Monday, April 21, 2014

Motivations

     How are priorities decided?  What drives people to make certain choices?   In Introduction to Psychology, we recently discussed Maslow’s hierarchy of needs.  These are a ranking of priorities, off of which many of life’s decisions are based.  First comes the need to meet the physical requirements for survival, or the need for food, water, and shelter.  Once these basic needs are met, the need for safety and organization takes priority.  After this, people tend to seek love and belongingness.  After love comes the need for esteem, including self-esteem, achievement, independence, and respect and recognition from others.  The next level is self-actualization, or the need to live up to one’s fullest potential.  The highest level is self-transcendence, or the need to find meaning or purpose in life.  Throughout The Thief and the Dogs, Said Mahran seeks to meet needs on all of these levels in an action-packed adventure by Naguib Mahfouz.

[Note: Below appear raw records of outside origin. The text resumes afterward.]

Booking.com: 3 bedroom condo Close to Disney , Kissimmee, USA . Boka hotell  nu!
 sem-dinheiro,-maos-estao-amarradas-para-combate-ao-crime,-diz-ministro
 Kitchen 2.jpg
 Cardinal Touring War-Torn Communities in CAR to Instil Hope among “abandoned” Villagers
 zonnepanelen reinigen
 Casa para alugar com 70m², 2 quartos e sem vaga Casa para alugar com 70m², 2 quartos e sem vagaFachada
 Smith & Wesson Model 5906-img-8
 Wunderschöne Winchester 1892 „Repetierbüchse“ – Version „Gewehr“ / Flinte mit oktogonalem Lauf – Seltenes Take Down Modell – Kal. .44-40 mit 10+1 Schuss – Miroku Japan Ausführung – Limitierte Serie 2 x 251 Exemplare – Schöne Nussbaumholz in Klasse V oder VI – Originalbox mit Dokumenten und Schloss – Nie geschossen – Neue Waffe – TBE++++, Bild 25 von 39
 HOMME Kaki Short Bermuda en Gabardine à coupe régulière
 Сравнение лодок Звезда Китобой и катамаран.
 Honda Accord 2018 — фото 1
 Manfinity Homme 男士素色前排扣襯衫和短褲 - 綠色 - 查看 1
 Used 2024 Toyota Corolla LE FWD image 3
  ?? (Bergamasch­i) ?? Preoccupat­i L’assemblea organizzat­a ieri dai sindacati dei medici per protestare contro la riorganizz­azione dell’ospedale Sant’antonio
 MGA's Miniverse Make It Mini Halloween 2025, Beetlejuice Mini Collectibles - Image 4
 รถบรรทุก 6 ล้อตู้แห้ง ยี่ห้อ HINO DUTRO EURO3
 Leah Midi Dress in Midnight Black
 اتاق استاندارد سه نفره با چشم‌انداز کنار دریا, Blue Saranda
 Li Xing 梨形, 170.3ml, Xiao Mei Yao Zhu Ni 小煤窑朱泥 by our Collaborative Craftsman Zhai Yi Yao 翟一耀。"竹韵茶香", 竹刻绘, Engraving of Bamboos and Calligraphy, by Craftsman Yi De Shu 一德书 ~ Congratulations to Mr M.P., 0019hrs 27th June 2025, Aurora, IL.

      The story opens when Said Mahran is released from jail after serving a two-year sentence for robbery.  During this time, a revolution has occurred in Egypt, and while his former associates have adjusted to a new social order, Said has not.  His first thoughts are of his ex-wife, Nabawiyya, and his former partner in crime, Ilish.  Also paramount in Said’s thoughts is his desire to see Sana, his young daughter.  Through the past two years, thoughts of Sana have been like a light in the darkness.  He quickly arranges a meeting, only to have his high hopes dashed to pieces.  Sana, whose precious memory had comforted him through two long and lonely years in an Egyptian jail, rejects him completely.  Said discovers that his ex-wife and former partner love each other and had informed the police of his activities two years previously, leading to his arrest.  Finding no place in the home or hearts of his former family, Said resentfully moves on.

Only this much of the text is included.